Your sneer must show on your face as he clears his throat and points down the
street.

“You’ll find her down there,” he says. “Saw her a while back
heading that way.”

You look down the street. At least twenty or so people cross paths
on their morning routines. You smile and it makes the stranger hurry from you.
Perfect, just perfect.

 

RENEE LOOKED DOWN at the phone in her hands and frowned at the
screen. No calls, no messages, nothing. It was unlike Ursula not to contact
her. Most of the time she checked in daily, well, hourly lately. The fact that
they hadn’t shown up at the training center would have reached her by now.

The silence from CIG preyed on her mind. She’d checked her phone
each morning in this same spot which had the best link to the satellite. Normal
cell phones would be useless with the nearest cell tower down. She’d heard
people chatting about the repair crews being unable to get out to it because of
the weather and the avalanche warnings. She felt the guilt clawing at her
stomach that she hadn’t simply given her phone to the sheriff so that he could call
in help.

You’re an agent, not law enforcement,
she reminded
herself.

Renee glanced back at the café and met Aeron’s eyes through the
window. Maybe she’d been more reluctant than she cared to admit. It was
wonderful to be near Aeron again. It filled her heart with hope and God, had
she missed that feeling. Everything she wanted seemed to have fallen right into
her lap. This place, Aeron, even little Zack.

She’d asked Renee to stay. She’d asked her to forget everything
and live here with her.

The only thing that stopped you agreeing was that idiot.
Renee scowled at the
thought of him, then smiled at Aeron’s reaction.
If only . . .

The problem with this idyllic isolation was that Renee was
starting to forget just why they were stuck in the town. Aeron always managed
to do it to her, no matter how hard she tried to fend off whatever that was.
Somehow, Aeron always wriggled through a gap and got her opening up, got her
talking.
She gets me so tied up that I’m ready to tell her everything.

Renee glanced around the street.
Haven’t you learned yet how
dangerous that is?
She glared down at her phone.
Why isn’t she calling?

Her stomach tightened like a fist ready for impact and she pressed
call. The screen remained dormant. She pressed the key harder. The panic
prickled along her arms, making her shiver. Again nothing.

“Please work,” she asked it. “Please.”

She manually tapped in Ursula’s number and pressed call.
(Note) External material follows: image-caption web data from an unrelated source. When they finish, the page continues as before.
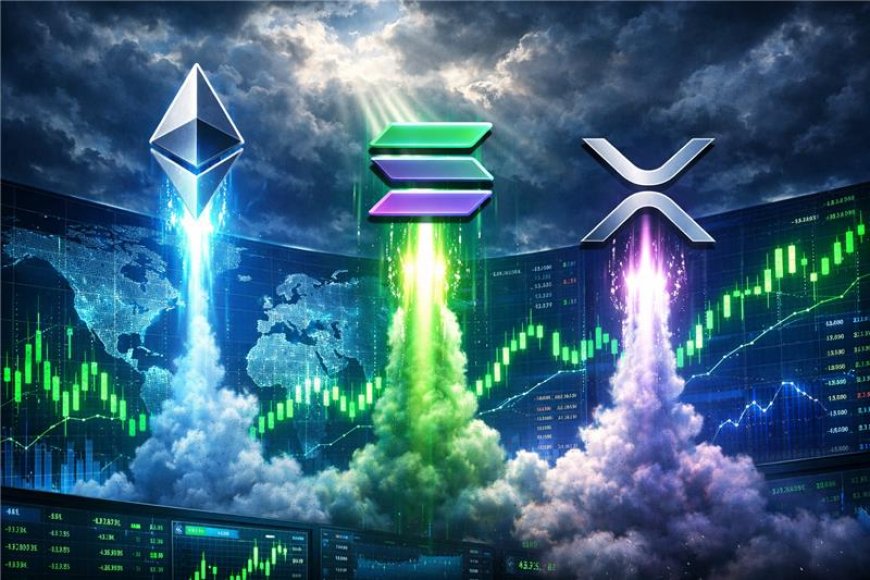 Ether, Solana, and XRP Jump 8% as Crypto Markets Rally on Easing War Fears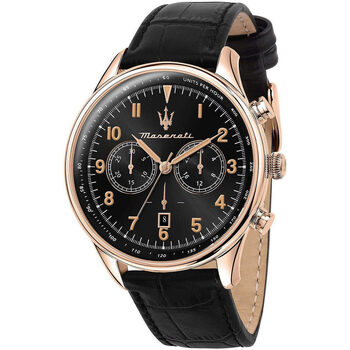 Ceasuri & Bijuterii Bărbați Ceasuri Analogice Maserati R8871646001, Quartz, 45mm, 10ATM Auriu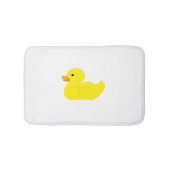 Rubber Ducky Duck Illustration Bath Mat Badematte (Vorderseite)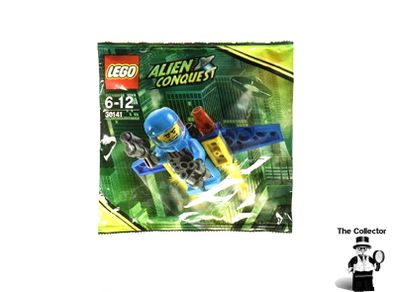LEGO Polybag Alien Conquest 30141 Adu Jet Pack With Minifigure Brand New Sealed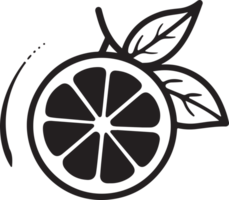 limón logo en plano línea Arte estilo png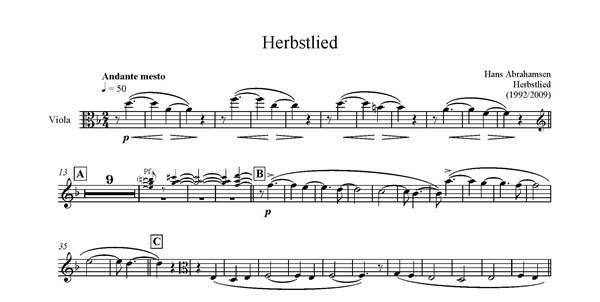 Hans Abrahamsen: Hans Abrahamsen: Herbstlied - Version 2009 (Parts)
Her heart
hammered. Her mouth so dry that her tongue felt twice its usual size.

Nothing.

She paced around in a circle. Her thoughts whirred, her stomach
with them. If her phone had broken, it could have been broken since when?

The realization hit her and she swore.

Since the night they were caught in the avalanche—it must have
been. That meant that nearly three days had passed and CIG didn’t know where
she was.

They would have checked her route. She hung her head and swore
again. No, they would have assumed that she took the lower road, the one Ursula
advised.

Why didn’t I listen to her?

Renee bit her lip, the dried skin rough against her tongue. There
would be a high alert status by now. Ursula would have made it top priority for
all law enforcement. She looked up at the café. Aeron peered at her through the
window with a question on her face. If they assumed Aeron was MIA too . . .

Renee looked at the sheriff’s office. She needed to talk to
Ursula, now.

The street was busy, she could feel it, hear it rather than see
it. At least she had her gun. If the past came hunting, then at least she still
had that. She touched her hand to the bulk of metal in her waistband, so
familiar. Aeron never asked why she had taken to sleeping with it under her
pillow.

When I get back. I’ll tell her. I’ll tell her everything.

She brushed past a woman who was clearly trying to get information
on someone named James. The tone of the woman’s voice said it was a secretive
inquiry, the hoarseness of her voice sung with heartbreak.